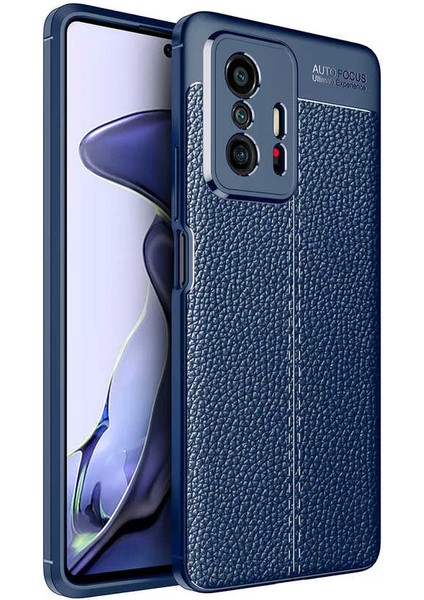 Xiaomi Mi 11T 5g Kılıf Rugan Armor Deri Görünümlü Niss Silikon Lacivert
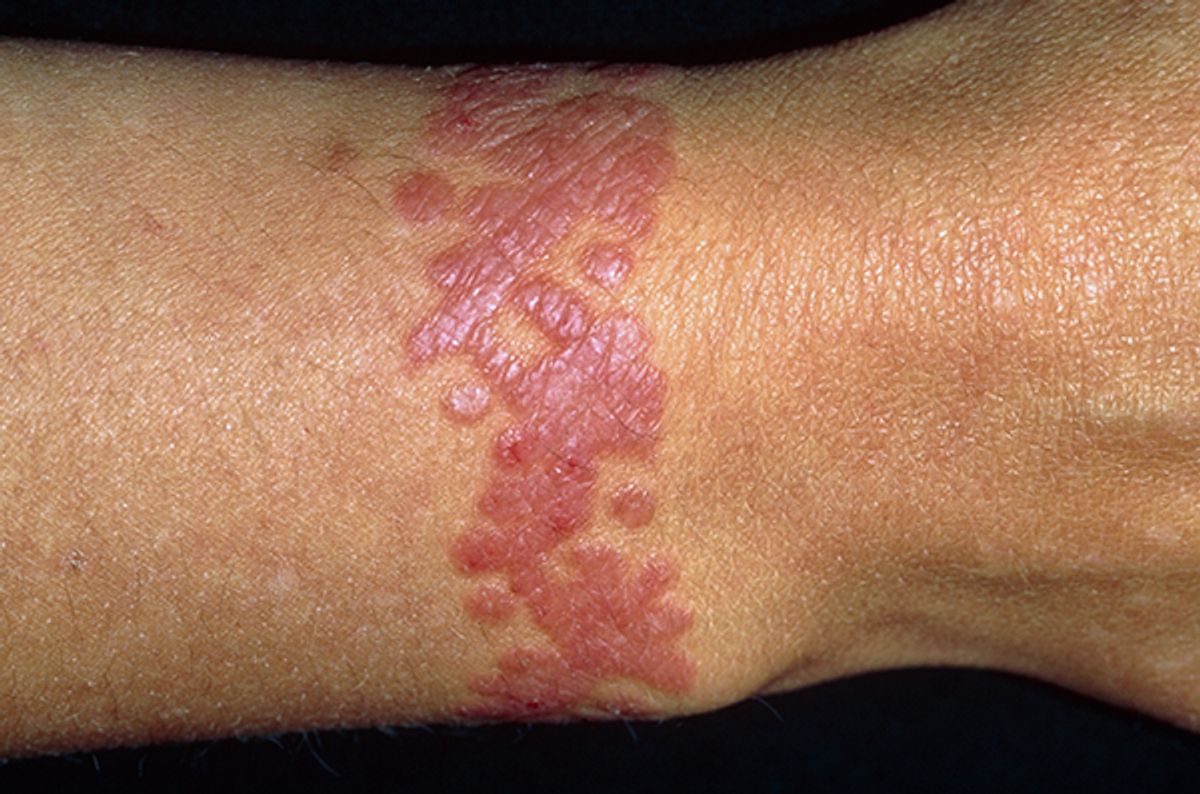 Rash. Close-up of a 39 year old woman's wrist showing a rash at the site of a tattoo. Tattoos are designs made on the skin by introducing permanent dyes into the skin layers. Here, an allergy to a part of the process caused the rash, an area of raised and reddened skin. Tattooing safely requires sterile conditions, as there is a risk of transmitting hepatitis or AIDS (acquired immune deficiency syndrome) through the needles used. Rashes can be treated with soothing skin creams such as calamine lotion, or antihistamine drugs to reduce the inflammation and itching.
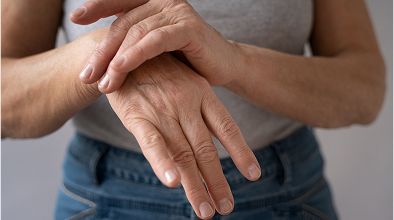 Arthritis or Joint Degeneration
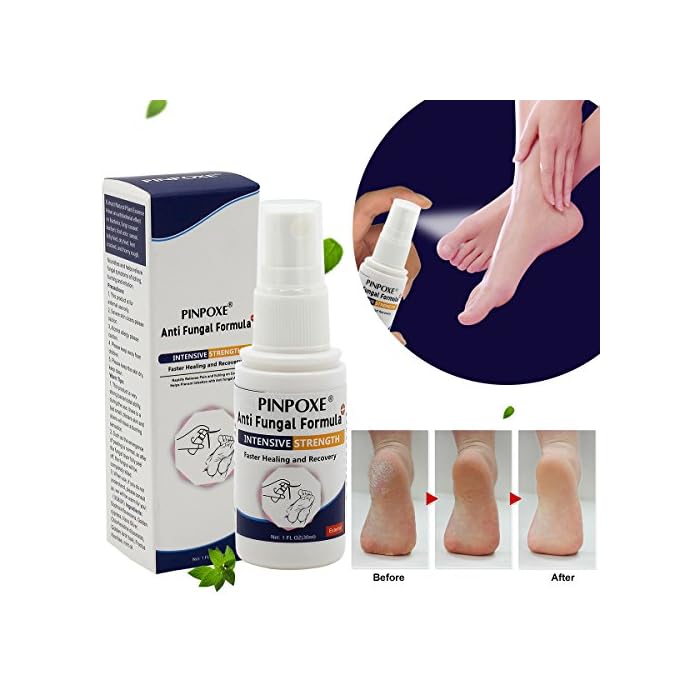 Athletes Foot Spray, Jock Itch Foot Spray, Foot Sanitiser, Athletes Foot Treatment, Antibacterial Deodorant, Anti Itch Anti-fungi Athletes Foot Liquid, Prevents Reinfection Soothe Itching, 30ml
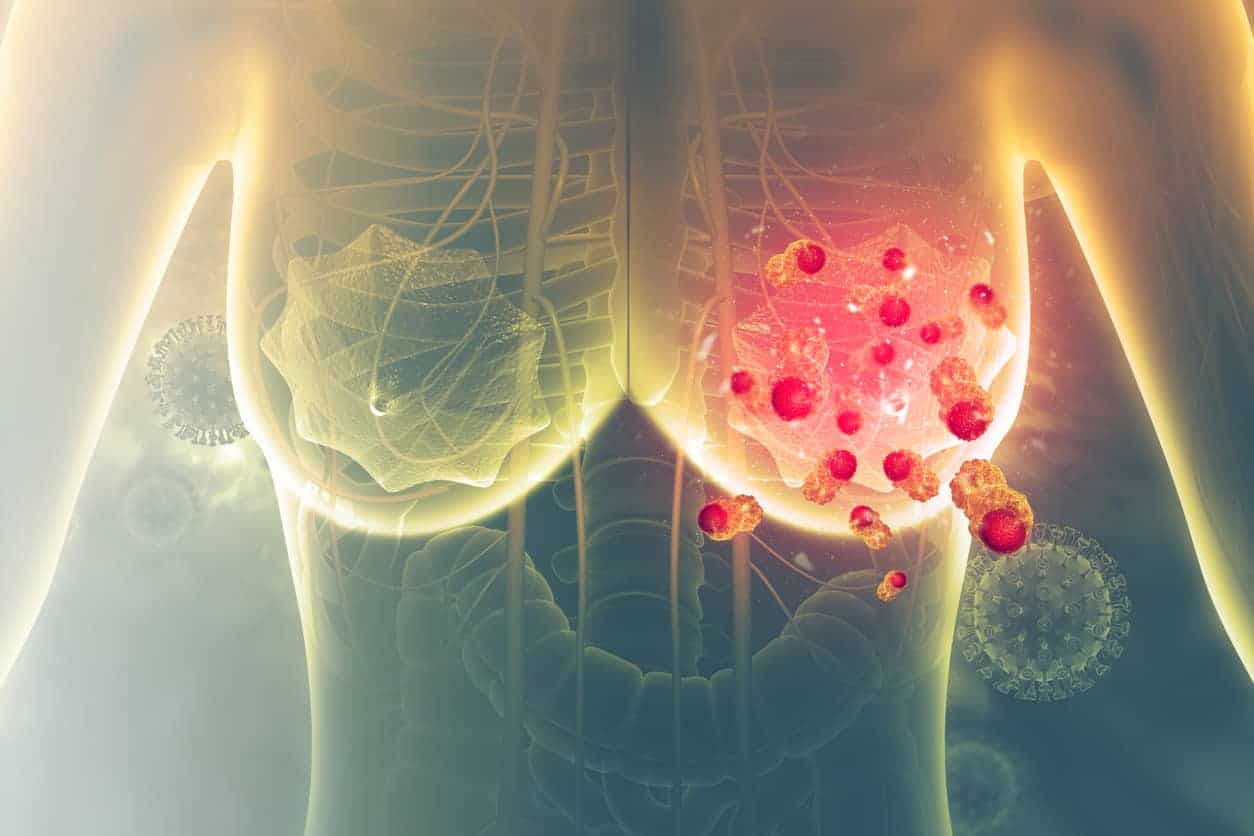 methode avirose cancer du sein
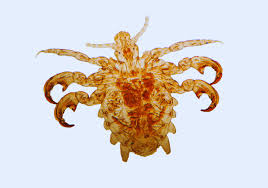 Image result for pubic lice symptoms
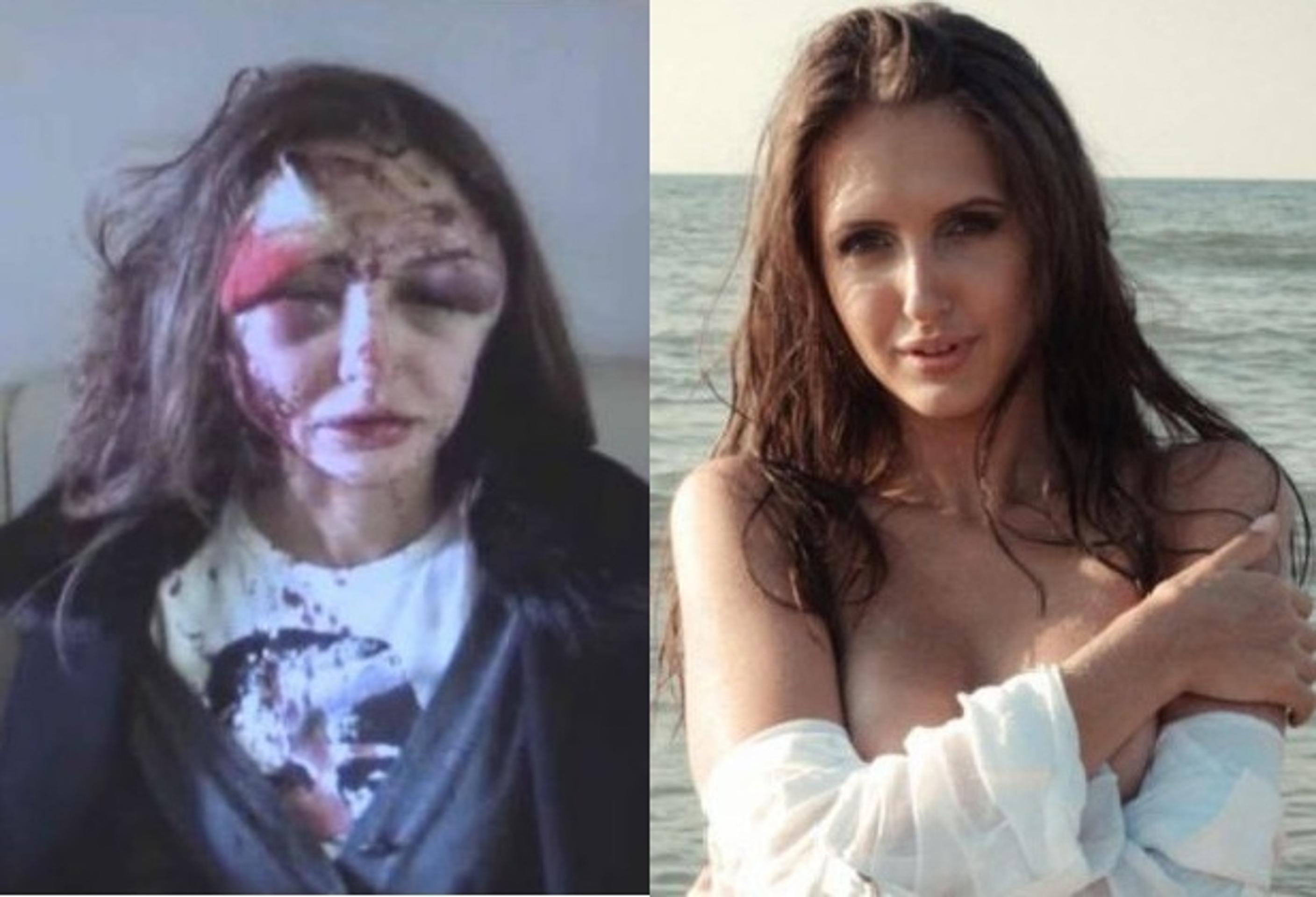 Modelka Alexandra Sereda po útoku a pred
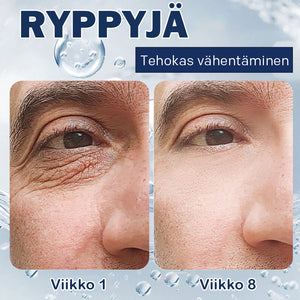 Anti-silmälaukkuvoide-💖Osta yksi saat yhden ilmaiseksi (2 kpl)💖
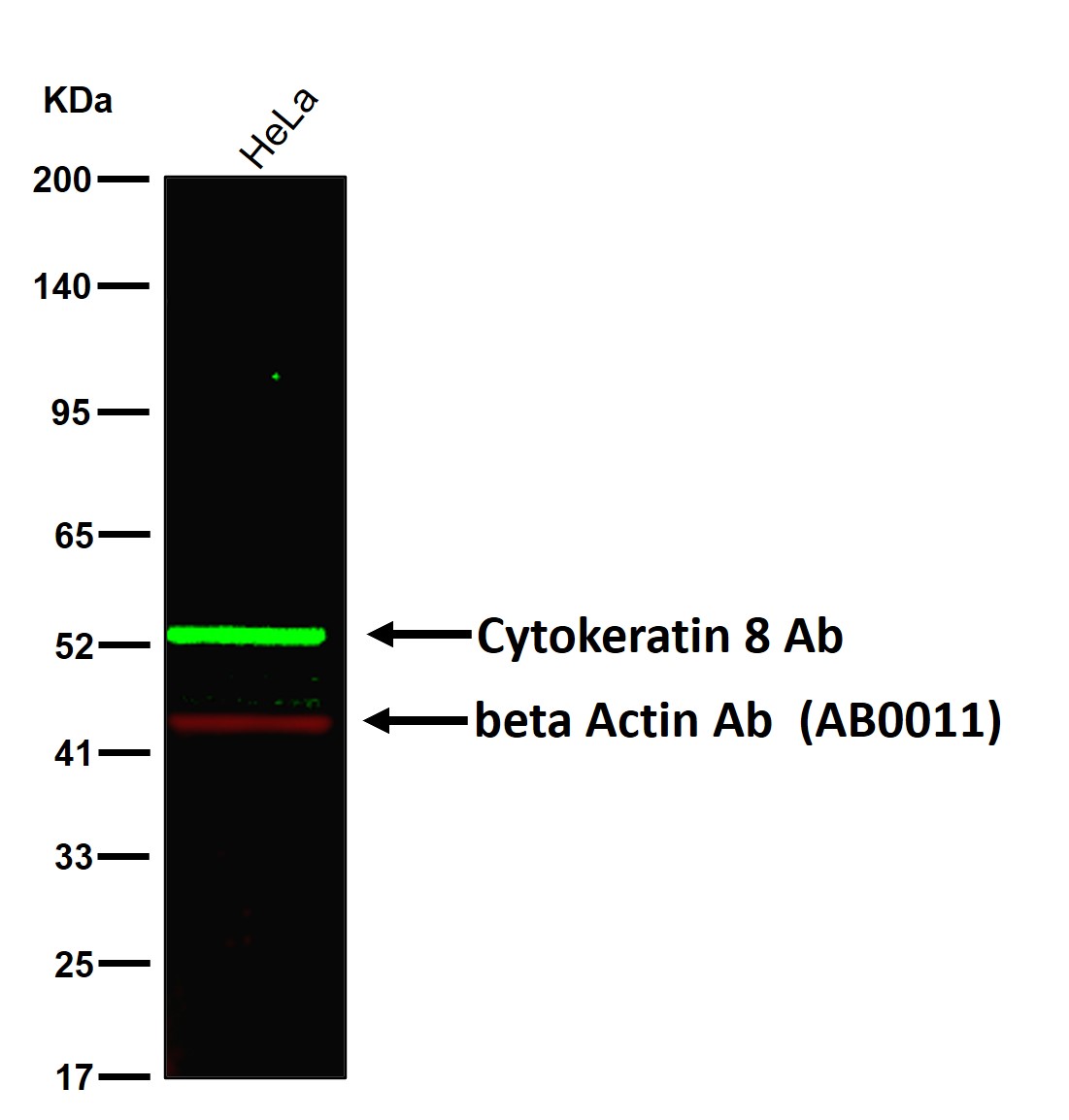 Cytokeratin 8 Ab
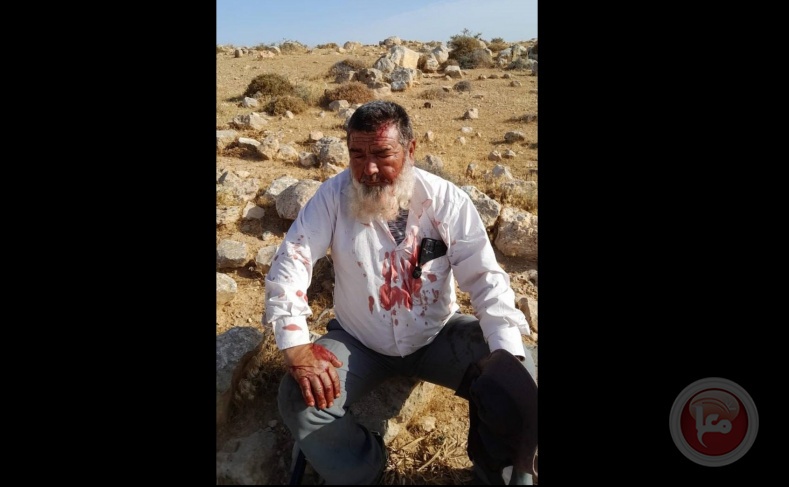 Video- Settlers beat a citizen south of Hebron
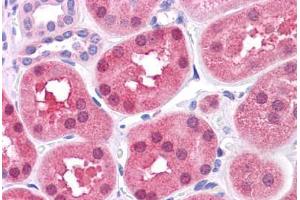 Human Kidney: Formalin-Fixed, Paraffin-Embedded (FFPE)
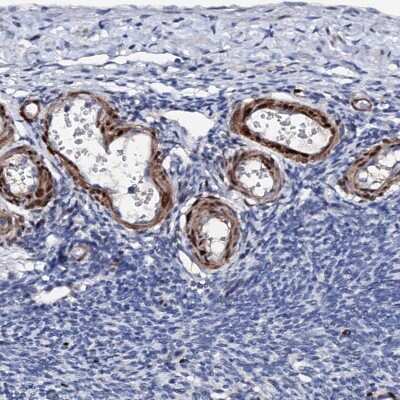 Immunohistochemistry-Paraffin: Nrip2 Antibody [NBP1-85034]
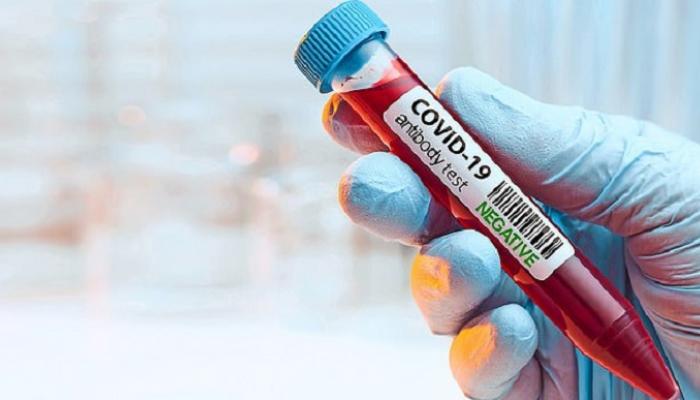 شركة بريطانية تعلن عن نتائج إيجابية لتجربة لقاح مضاد لفيروس كورونا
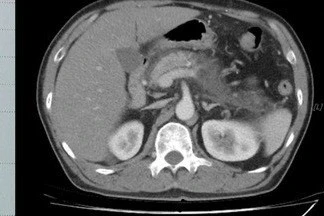 Thay huyết tương cứu sống bệnh nhân viêm tụy nặng do mỡ máu cao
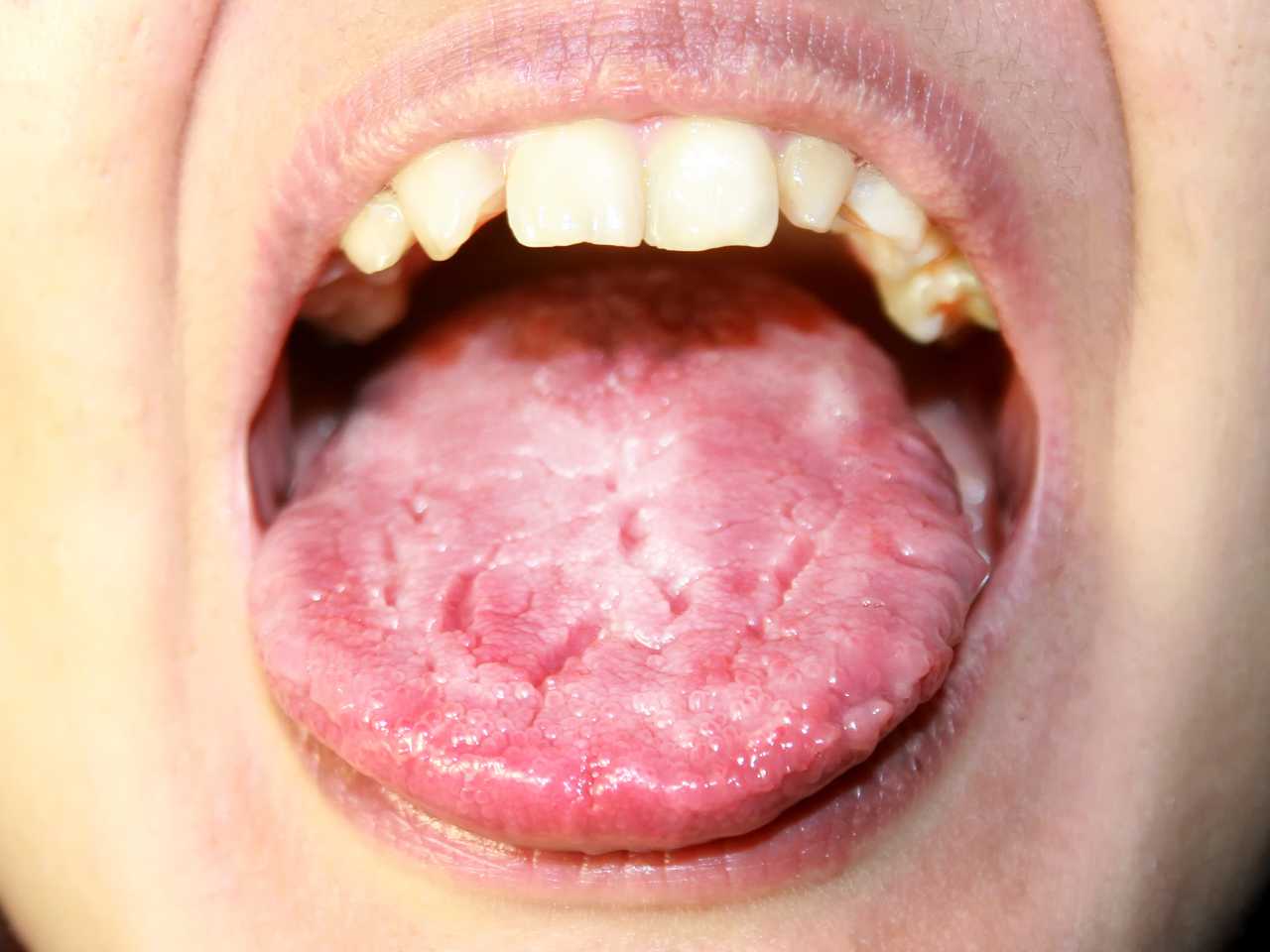 Ağız mantarı nedir? Neden olur? Bulaşıcı mıdır? | Ağız mantarı nasıl geçer?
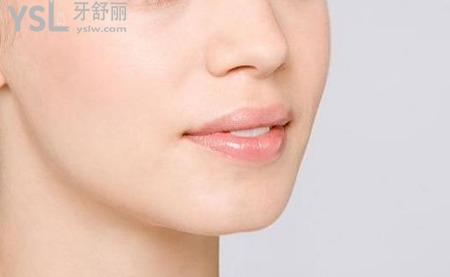 正頜手術(shù)后遺癥嚴(yán)重嗎？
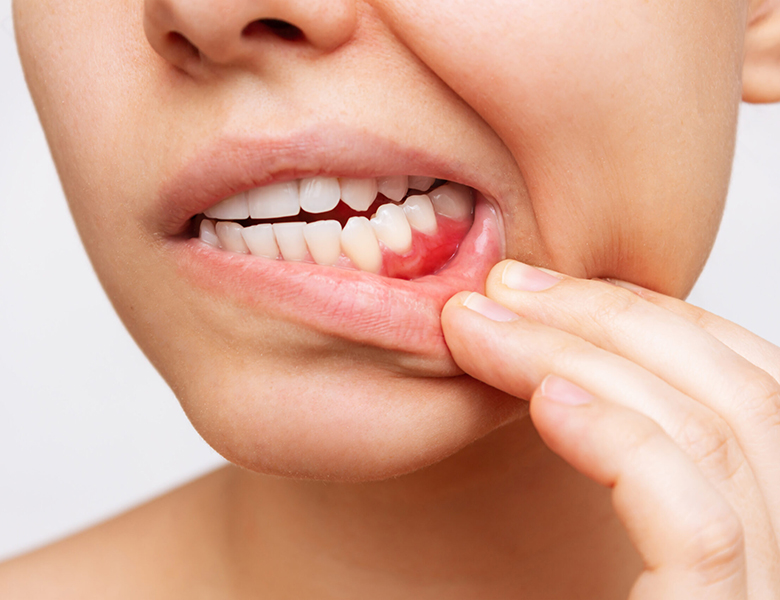 高円寺駅南口徒歩2分の歯医者、高円寺PAL歯科医院の歯周病治療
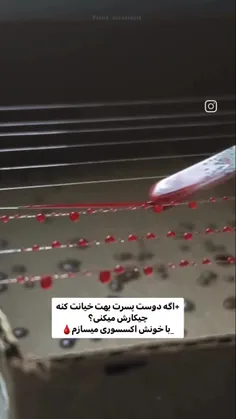 خلاصه حواستون به خودتون باشه😂👨‍🦯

» ACTION ITEM
Retype the material above exactly, images excluded.

» RESULT FOR THIS TASK
 Xiaomi Mi 11T 5g Kılıf Rugan Armor Deri Görünümlü Niss Silikon Lacivert
 Rash. Close-up of a 39 year old woman's wrist showing a rash at the site of a tattoo. Tattoos are designs made on the skin by introducing permanent dyes into the skin layers. Here, an allergy to a part of the process caused the rash, an area of raised and reddened skin. Tattooing safely requires sterile conditions, as there is a risk of transmitting hepatitis or AIDS (acquired immune deficiency syndrome) through the needles used. Rashes can be treated with soothing skin creams such as calamine lotion, or antihistamine drugs to reduce the inflammation and itching.
 Arthritis or Joint Degeneration
 Athletes Foot Spray, Jock Itch Foot Spray, Foot Sanitiser, Athletes Foot Treatment, Antibacterial Deodorant, Anti Itch Anti-fungi Athletes Foot Liquid, Prevents Reinfection Soothe Itching, 30ml
 methode avirose cancer du sein
 Image result for pubic lice symptoms
 Modelka Alexandra Sereda po útoku a pred
 Anti-silmälaukkuvoide-💖Osta yksi saat yhden ilmaiseksi (2 kpl)💖
 Cytokeratin 8 Ab
 Video- Settlers beat a citizen south of Hebron
 Human Kidney: Formalin-Fixed, Paraffin-Embedded (FFPE)
 Immunohistochemistry-Paraffin: Nrip2 Antibody [NBP1-85034]
 شركة بريطانية تعلن عن نتائج إيجابية لتجربة لقاح مضاد لفيروس كورونا
 Thay huyết tương cứu sống bệnh nhân viêm tụy nặng do mỡ máu cao
 Ağız mantarı nedir? Neden olur? Bulaşıcı mıdır? | Ağız mantarı nasıl geçer?
 正頜手術(shù)后遺癥嚴(yán)重嗎？
 高円寺駅南口徒歩2分の歯医者、高円寺PAL歯科医院の歯周病治療
 خلاصه حواستون به خودتون باشه😂👨‍🦯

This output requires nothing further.